WORK TO BE COMPLETED –
The records must be retyped exactly, with no pictures included.
*** Opening TASK INPUT ***
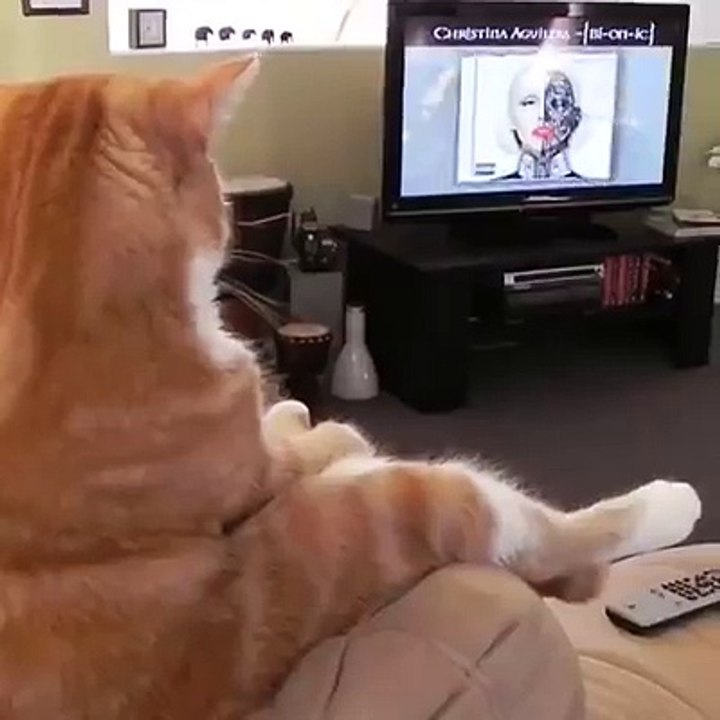 Cats Who Forgot How To Be A Cat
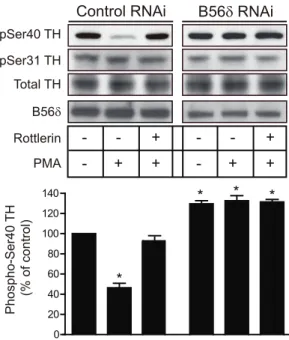 Figure 4. Phosphorylation of B56d at Ser566 mediates PMA- PMA-dependent dephosphorylation of Ser40 of tyrosine  hydroxy-lase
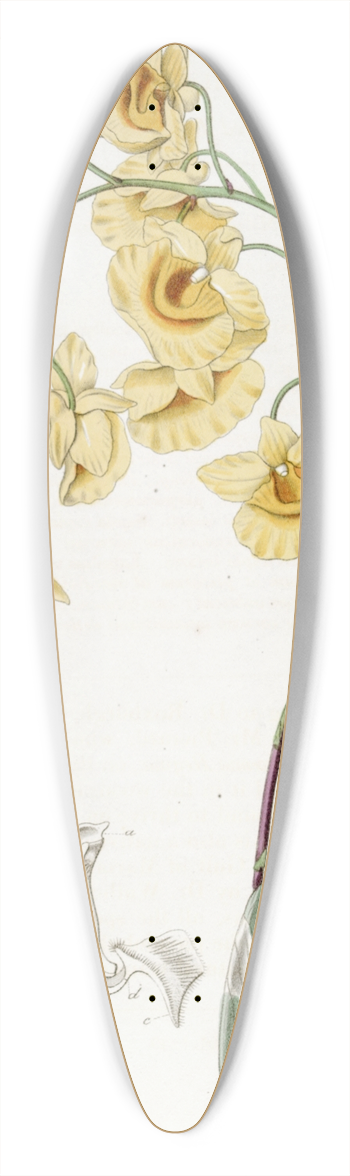 Sydenham Edwards - Clustered Dendrobium 39.3 inch art pintail longboard deck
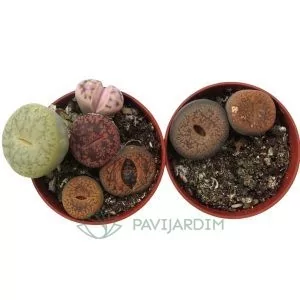 Lithops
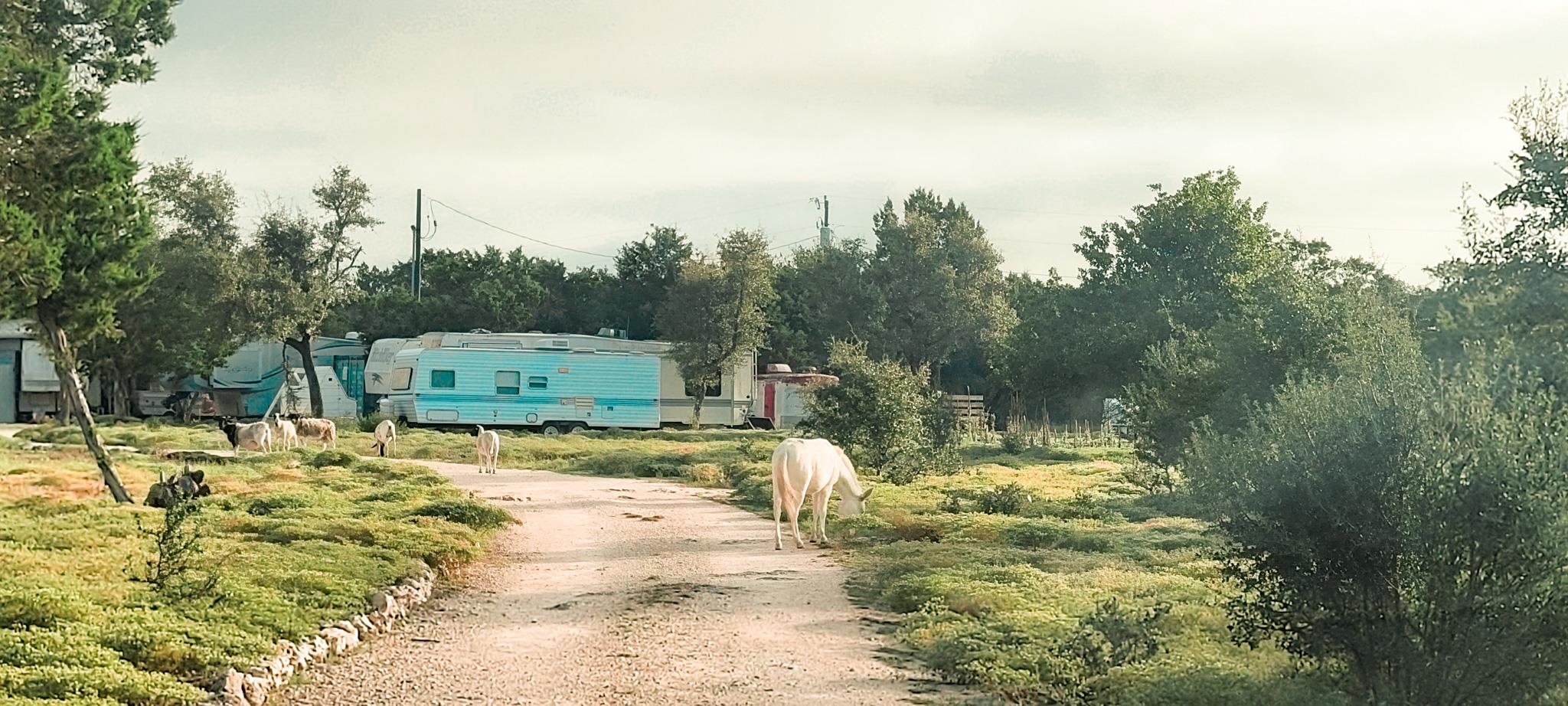 1085 Forest View Dr, Blanco, TX 78606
*** Closing TASK INPUT ***
EXERCISE OUTPUT –
 Cats Who Forgot How To Be A Cat
 Figure 4. Phosphorylation of B56d at Ser566 mediates PMA- PMA-dependent dephosphorylation of Ser40 of tyrosine  hydroxy-lase
 Sydenham Edwards - Clustered Dendrobium 39.3 inch art pintail longboard deck
 Lithops
 1085 Forest View Dr, Blanco, TX 78606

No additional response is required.